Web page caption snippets
────────────────────────────────────────
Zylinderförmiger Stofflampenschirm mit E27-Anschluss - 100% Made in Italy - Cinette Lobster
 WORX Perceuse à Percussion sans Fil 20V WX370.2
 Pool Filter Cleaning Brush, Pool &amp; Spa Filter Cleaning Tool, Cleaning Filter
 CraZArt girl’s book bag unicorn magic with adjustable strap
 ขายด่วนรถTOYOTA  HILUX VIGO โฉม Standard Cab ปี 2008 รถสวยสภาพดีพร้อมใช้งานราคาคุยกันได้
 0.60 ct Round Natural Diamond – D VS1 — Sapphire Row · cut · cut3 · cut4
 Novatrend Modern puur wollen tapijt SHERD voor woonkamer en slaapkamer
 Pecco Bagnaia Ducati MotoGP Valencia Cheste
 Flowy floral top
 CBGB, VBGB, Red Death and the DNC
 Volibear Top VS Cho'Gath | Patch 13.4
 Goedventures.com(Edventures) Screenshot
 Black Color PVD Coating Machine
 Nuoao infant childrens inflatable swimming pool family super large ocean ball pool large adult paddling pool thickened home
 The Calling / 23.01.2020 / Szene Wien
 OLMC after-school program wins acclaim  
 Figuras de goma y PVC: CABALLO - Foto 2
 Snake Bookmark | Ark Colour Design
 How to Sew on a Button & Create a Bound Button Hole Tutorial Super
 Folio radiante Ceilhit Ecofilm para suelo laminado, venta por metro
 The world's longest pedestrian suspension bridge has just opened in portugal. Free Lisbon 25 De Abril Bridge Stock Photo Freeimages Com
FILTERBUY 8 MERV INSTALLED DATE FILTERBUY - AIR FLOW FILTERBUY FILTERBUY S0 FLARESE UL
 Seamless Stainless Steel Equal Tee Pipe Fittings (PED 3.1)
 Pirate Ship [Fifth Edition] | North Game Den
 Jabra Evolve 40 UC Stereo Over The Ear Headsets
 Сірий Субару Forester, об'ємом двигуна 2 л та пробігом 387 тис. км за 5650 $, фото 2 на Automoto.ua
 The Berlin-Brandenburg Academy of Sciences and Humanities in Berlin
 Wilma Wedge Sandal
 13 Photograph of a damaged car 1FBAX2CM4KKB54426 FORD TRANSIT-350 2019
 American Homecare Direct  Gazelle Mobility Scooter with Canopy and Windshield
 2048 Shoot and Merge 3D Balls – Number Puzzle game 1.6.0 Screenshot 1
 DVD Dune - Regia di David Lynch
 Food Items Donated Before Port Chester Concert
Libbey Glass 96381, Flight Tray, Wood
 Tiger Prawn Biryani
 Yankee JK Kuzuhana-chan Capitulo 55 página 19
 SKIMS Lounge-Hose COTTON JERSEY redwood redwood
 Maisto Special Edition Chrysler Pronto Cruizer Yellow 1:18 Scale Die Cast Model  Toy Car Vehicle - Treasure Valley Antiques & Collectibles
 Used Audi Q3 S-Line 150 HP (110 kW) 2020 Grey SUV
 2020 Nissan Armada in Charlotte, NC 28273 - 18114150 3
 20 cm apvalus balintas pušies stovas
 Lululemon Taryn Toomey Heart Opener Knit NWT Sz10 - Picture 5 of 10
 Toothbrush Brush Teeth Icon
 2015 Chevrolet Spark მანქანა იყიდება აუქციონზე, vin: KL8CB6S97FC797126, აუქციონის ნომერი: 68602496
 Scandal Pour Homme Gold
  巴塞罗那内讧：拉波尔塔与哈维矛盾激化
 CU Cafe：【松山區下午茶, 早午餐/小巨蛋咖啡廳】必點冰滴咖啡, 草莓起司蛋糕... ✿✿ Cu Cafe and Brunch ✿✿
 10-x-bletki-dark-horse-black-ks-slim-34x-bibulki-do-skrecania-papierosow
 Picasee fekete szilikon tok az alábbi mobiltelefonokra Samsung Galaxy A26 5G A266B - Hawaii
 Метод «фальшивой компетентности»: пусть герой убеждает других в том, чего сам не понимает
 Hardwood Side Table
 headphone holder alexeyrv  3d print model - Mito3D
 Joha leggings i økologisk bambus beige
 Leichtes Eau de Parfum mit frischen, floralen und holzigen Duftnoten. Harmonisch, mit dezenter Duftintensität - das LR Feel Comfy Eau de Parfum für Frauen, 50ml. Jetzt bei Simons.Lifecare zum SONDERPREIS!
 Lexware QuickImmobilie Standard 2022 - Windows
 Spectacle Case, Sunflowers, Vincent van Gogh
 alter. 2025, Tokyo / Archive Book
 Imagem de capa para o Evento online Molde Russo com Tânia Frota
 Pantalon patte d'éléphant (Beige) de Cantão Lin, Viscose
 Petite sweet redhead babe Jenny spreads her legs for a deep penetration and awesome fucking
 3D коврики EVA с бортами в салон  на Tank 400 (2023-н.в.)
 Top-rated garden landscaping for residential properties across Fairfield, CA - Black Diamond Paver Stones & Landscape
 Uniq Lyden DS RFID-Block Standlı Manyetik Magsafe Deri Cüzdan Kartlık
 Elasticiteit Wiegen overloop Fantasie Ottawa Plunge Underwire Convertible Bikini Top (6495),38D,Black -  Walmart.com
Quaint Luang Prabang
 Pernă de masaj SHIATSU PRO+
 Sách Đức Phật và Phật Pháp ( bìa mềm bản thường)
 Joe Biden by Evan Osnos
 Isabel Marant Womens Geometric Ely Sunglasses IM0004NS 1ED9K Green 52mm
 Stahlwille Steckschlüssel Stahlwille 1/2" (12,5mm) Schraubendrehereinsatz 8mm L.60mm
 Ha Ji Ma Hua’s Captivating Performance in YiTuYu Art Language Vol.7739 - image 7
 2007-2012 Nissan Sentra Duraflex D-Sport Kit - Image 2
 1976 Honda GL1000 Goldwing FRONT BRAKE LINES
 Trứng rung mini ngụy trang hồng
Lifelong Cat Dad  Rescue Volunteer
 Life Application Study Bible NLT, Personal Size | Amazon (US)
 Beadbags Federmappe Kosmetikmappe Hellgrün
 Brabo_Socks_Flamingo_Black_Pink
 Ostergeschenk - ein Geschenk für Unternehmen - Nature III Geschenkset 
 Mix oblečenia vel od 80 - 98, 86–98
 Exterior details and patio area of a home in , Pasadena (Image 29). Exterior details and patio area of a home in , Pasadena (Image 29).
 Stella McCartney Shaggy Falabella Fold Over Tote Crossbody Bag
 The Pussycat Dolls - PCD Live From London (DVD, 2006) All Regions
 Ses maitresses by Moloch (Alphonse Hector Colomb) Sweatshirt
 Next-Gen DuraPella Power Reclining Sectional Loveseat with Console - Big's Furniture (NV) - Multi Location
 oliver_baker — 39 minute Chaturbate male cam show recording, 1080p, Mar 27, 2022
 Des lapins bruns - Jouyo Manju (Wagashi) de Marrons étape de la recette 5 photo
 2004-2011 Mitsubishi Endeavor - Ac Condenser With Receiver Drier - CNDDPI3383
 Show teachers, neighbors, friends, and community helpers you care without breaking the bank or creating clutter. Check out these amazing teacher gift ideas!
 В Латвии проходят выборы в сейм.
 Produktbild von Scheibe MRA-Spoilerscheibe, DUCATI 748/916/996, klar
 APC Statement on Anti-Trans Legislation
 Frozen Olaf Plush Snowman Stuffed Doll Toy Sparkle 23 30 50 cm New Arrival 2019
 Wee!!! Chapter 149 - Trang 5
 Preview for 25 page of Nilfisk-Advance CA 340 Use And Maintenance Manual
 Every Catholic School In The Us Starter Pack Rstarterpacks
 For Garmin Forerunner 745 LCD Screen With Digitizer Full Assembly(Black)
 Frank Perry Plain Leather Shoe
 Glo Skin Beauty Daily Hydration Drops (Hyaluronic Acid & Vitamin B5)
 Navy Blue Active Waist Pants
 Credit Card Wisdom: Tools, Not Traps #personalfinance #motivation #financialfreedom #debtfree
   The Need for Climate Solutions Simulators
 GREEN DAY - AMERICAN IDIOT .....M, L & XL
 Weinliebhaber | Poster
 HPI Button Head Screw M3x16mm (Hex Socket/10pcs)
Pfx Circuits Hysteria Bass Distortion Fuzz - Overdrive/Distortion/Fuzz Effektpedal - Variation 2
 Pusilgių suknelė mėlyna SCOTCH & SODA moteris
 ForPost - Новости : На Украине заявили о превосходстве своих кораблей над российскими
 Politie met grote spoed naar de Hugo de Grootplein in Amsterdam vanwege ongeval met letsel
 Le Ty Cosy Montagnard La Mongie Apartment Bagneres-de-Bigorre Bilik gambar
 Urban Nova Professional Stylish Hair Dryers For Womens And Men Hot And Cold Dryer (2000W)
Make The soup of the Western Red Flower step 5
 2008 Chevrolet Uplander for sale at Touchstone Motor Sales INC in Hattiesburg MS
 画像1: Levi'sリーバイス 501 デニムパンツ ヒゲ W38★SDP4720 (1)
────────────────────────────────────────
## DIRECTIONS
Reproduce only the lines above spanning from the line containing "Toothbrush Brush Teeth Icon" through the line containing "Lifelong Cat Dad", word for word.

## RESPONSE BOX
 Toothbrush Brush Teeth Icon
 2015 Chevrolet Spark მანქანა იყიდება აუქციონზე, vin: KL8CB6S97FC797126, აუქციონის ნომერი: 68602496
 Scandal Pour Homme Gold
  巴塞罗那内讧：拉波尔塔与哈维矛盾激化
 CU Cafe：【松山區下午茶, 早午餐/小巨蛋咖啡廳】必點冰滴咖啡, 草莓起司蛋糕... ✿✿ Cu Cafe and Brunch ✿✿
 10-x-bletki-dark-horse-black-ks-slim-34x-bibulki-do-skrecania-papierosow
 Picasee fekete szilikon tok az alábbi mobiltelefonokra Samsung Galaxy A26 5G A266B - Hawaii
 Метод «фальшивой компетентности»: пусть герой убеждает других в том, чего сам не понимает
 Hardwood Side Table
 headphone holder alexeyrv  3d print model - Mito3D
 Joha leggings i økologisk bambus beige
 Leichtes Eau de Parfum mit frischen, floralen und holzigen Duftnoten. Harmonisch, mit dezenter Duftintensität - das LR Feel Comfy Eau de Parfum für Frauen, 50ml. Jetzt bei Simons.Lifecare zum SONDERPREIS!
 Lexware QuickImmobilie Standard 2022 - Windows
 Spectacle Case, Sunflowers, Vincent van Gogh
 alter. 2025, Tokyo / Archive Book
 Imagem de capa para o Evento online Molde Russo com Tânia Frota
 Pantalon patte d'éléphant (Beige) de Cantão Lin, Viscose
 Petite sweet redhead babe Jenny spreads her legs for a deep penetration and awesome fucking
 3D коврики EVA с бортами в салон  на Tank 400 (2023-н.в.)
 Top-rated garden landscaping for residential properties across Fairfield, CA - Black Diamond Paver Stones & Landscape
 Uniq Lyden DS RFID-Block Standlı Manyetik Magsafe Deri Cüzdan Kartlık
 Elasticiteit Wiegen overloop Fantasie Ottawa Plunge Underwire Convertible Bikini Top (6495),38D,Black -  Walmart.com
Quaint Luang Prabang
 Pernă de masaj SHIATSU PRO+
 Sách Đức Phật và Phật Pháp ( bìa mềm bản thường)
 Joe Biden by Evan Osnos
 Isabel Marant Womens Geometric Ely Sunglasses IM0004NS 1ED9K Green 52mm
 Stahlwille Steckschlüssel Stahlwille 1/2" (12,5mm) Schraubendrehereinsatz 8mm L.60mm
 Ha Ji Ma Hua’s Captivating Performance in YiTuYu Art Language Vol.7739 - image 7
 2007-2012 Nissan Sentra Duraflex D-Sport Kit - Image 2
 1976 Honda GL1000 Goldwing FRONT BRAKE LINES
 Trứng rung mini ngụy trang hồng
Lifelong Cat Dad  Rescue Volunteer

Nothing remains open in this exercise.